Cass. civ. Sez. II, Sent., 15-03-2012, n. 4142

Sentenza scelta dal dott. Domenico Cirasole direttore del sito giuridico http://www.gadit.it/

Svolgimento del processo

Con sentenza del 15 giugno 2004 il Tribunale di Rovereto – adito da A., Eu., El., E., F., Io., I., S. e A.V. nei confronti di R. L., con azione di accertamento dell’avvenuta usucapione di un fondo in (OMISSIS) – accolse la domanda, la quale è stata invece respinta, su gravame della soccombente, dalla Corte d’appello di Trento con sentenza del 22 giugno 2005.

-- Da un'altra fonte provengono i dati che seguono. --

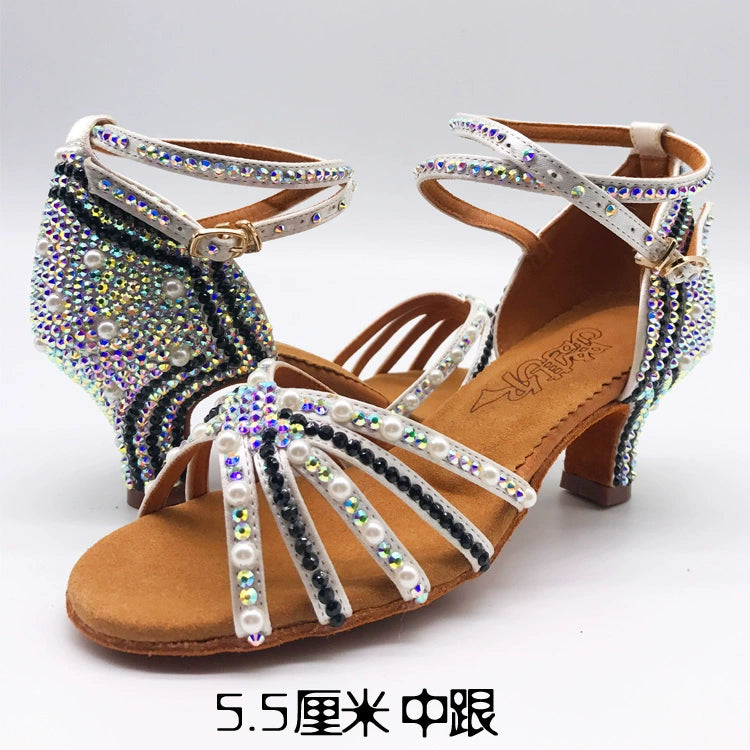 Women White Latin Dance Shoes Sparkling Handmade Rhinestones Soft Sole Indoor Style Ballroom Tango Waltz National Standard Dance Shoes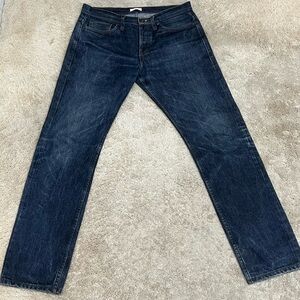 The Unbranded Brand Indigo Selvedge Denim Mens Jeans Tapered Fit 14.5 oz
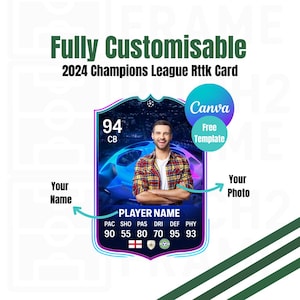 Cartão Rttk de jogador de futebol Ultimate Team 2024 personalizável em branco da Champions League - modelo para download digital (CANVA)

I., Eu., E., Io., V., A., F., S. ed Ag.El. hanno proposto ricorso per cassazione, in base a sette motivi. R.L. si è costituita con controricorso, formulando a sua volta due motivi di impugnazione in via incidentale e condizionata. La resistente ha presentato altresì una memoria.

Motivi della decisione

In quanto proposte contro la stessa sentenza, le due impugnazioni vengono riunite in un solo processo, in applicazione dell’art. 335 c.p.c..

La resistente ha contestato pregiudizialmente l’ammissibilità del ricorso principale, rilevando che la copia dell’atto a lei notificata non è firmata dai difensori dell’altra parte e che la procura a margine è priva della data del rilascio.

L’eccezione è infondata, sotto entrambi i profili in cui è articolata, poichè l’ufficiale giudiziario ha attestato di aver provveduto alla notificazione "a richiesta dell’avv. Angela Modena, proc. e dom. di A.S. e altri" e nella copia consegnata al destinatario è riprodotta la procura.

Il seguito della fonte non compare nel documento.